Nick: Thinks it's feeding time whenever I stand near the tank. Flares and attacks snails.
Thomas: A nervous fin-biter who gets stressed by any other fish, but doesn't mind invertabrates and hasn't so much as tried to nip his crayfish neighbor.


----------



## BettaFire682 (Apr 27, 2015)

*Fish are Different*

Love the ways each of your fish are different, Seems like the site was in need of a thread like this one 

Nibbler (Loach): All he does is eat, he will even chew on your hand if you put it in there.

Jade (Emerald Cory): Very social, Acts different since the passing of cory, bought him a friend he's still not the same.

I'll add more later on.  
~ Thanks for Reading


----------



## Gariana (Jul 22, 2015)

Ossu: If I could only use one word to describe him it would be grumpy. And he's also perfected staring into an art form. Show him something and he will freeze and stare. Most things get absolutely zero reaction. If he's mildly miffed he will flare his right gill, just the right one. A few things make him do a proper flare, though a muted one.
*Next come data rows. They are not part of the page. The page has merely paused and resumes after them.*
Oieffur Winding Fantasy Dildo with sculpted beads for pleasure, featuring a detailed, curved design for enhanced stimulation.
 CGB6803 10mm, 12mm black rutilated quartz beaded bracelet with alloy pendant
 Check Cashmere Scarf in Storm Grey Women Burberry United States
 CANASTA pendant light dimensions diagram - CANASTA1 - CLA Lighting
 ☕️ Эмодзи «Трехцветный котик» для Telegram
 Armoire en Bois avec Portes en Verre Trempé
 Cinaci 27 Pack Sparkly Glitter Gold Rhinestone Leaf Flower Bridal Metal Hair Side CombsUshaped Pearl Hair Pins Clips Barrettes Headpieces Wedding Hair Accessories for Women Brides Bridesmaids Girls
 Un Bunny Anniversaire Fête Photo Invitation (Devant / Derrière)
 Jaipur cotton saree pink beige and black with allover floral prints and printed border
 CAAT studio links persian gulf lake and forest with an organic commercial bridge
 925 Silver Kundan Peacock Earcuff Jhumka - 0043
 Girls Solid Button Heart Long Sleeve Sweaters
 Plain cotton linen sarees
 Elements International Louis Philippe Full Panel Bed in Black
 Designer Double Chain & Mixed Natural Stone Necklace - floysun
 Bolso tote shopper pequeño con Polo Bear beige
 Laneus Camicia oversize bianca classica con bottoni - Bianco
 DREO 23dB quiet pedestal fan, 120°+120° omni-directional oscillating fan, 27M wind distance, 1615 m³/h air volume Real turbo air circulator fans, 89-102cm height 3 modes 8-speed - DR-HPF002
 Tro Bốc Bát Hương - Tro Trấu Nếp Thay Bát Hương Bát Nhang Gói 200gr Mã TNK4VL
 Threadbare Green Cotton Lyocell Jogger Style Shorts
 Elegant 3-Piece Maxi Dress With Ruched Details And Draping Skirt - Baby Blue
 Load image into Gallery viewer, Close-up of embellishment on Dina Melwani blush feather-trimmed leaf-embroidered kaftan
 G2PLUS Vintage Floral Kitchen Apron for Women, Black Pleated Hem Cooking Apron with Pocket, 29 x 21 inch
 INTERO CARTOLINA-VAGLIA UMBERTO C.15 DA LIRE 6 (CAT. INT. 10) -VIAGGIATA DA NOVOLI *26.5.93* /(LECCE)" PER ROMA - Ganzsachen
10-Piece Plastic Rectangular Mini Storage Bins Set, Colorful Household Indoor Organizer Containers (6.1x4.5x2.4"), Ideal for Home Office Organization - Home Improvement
But show him a flat blue glass eye (a travel memento) and he'll go into a complete frenzy - flared to the max, zipping, prancing, huffing and puffing like a tiny raging aquatic bull :lol:

So yeah, he kind of has a whole Jekyll/Hyde thing going...


----------



## Sleepykitty (Jun 5, 2015)

Comet: I only got him yesterday so I don't know him very well yet. He seems to really like swimming against the outflow of water from the filter. If he's looping around the tank he almost always does so TOWARDS the outtake and then he will swim very hard until he gets past the current. If he doesn't go hard enough and gets blown back he will just turn around and keep trying. Definitely a determined little guy. Also, Comet bites at anything he doesn't recognize. When I released him into the tank I'm pretty sure he tried to bit just about everything in there at some point. (Except the snails, as far as I can tell he hasn't bothered the snails at all besides flaring at one of them once.) He tried to bite the coconut cave (not successfully), he tried to eat a clump of sand (immediately spit it back out), he bit at the plants (didn't try to eat them though), and bit at the java fern roots several times. Comet is a feisty little thing with plenty of energy to spare I've taken a ton of pictures of him and the majority are blurry because he won't stop darting here and there and everywhere. Being a plakat without any huge flowy fins probably is why he moves so much more and so much faster than all my previous bettas.


----------



## RJChris (Dec 31, 2015)

Antonio Brown (aka: Fitchey) likes to lay against the filter intake to anchor himself. He's somewhat lazy, but likes to stare at me while I work (he's on my desk). Voracious eater - really goes after his food when I first drop it in and its moving. When he's not feeling 100% he hides in his cave to feel better.


----------



## Witchipoo (Dec 13, 2015)

What a fun thread!
Just going to do my boys this time, lol.
SWIM red, green iridescent HMEE, my Petco rescue. He's pretty laid back, doesn't flare much. Hey a master bubble nest builder, he spends a good part of his day tending his house, he loves sand. He rubs his whole length on it, pushes it through his gills and rearranged the glass marbles in his tank. 
Panther, my black crown tail. He's a bit shy and is impossible to get pics of. Hey likes it quiet. I have caught him pushing the ping pong ball around his tank. 
Alpha Betta, the violent violet. RTEE Butterfly. A real spitfire, flares at everything, races around his tank every time he sees any movement, easily agitated. I love him dearly, but his tank is always a mess. He attacks his plants, tries to throw his ping pong ball out and is just generally destructive. 
Mick, my little copper dude. OHM blacklace. He thinks he's the cat's meow, which he is. Lol. He loves people and loves to watch the activity in the room. He's quick to flare, it's so cute, because he's such a little guy.
Fion, black copper OHM, my peacock. He's gorgeous and he knows it. He drapes his beautiful self across the leaves of his favorite plant like a pinup. Or drifts around with his fins fully open. He's always exited to see me and poses for me.
My newest boy hasn't a name yet. He's my profile pic, giant, black Dragon Samurai OHM. This guy is very bold. He came out of the bag with fins and gills on full display. I've had him since Monday and he's already building his nest. I noticed today that he's an acrobat! He will swim to the top, flip over and go straight down almost stick his face in the sand then abruptly flip again and swim upside down across the front of the tank to the other end, flip again and go back and do it again. It's pretty funny, mainly because he looks like a bada**.
That's my boys, all different, all precious.


----------



## Darius359au (Apr 12, 2014)

Erroll is always busy ,always swimming around exploring the nooks and crannys of his plants ,or riding the current from his filter down the glass of his tank then swimming back up and repeating:-D

Zorro basically drifts around his section of the partitioned tank or just hangs at the front watching me..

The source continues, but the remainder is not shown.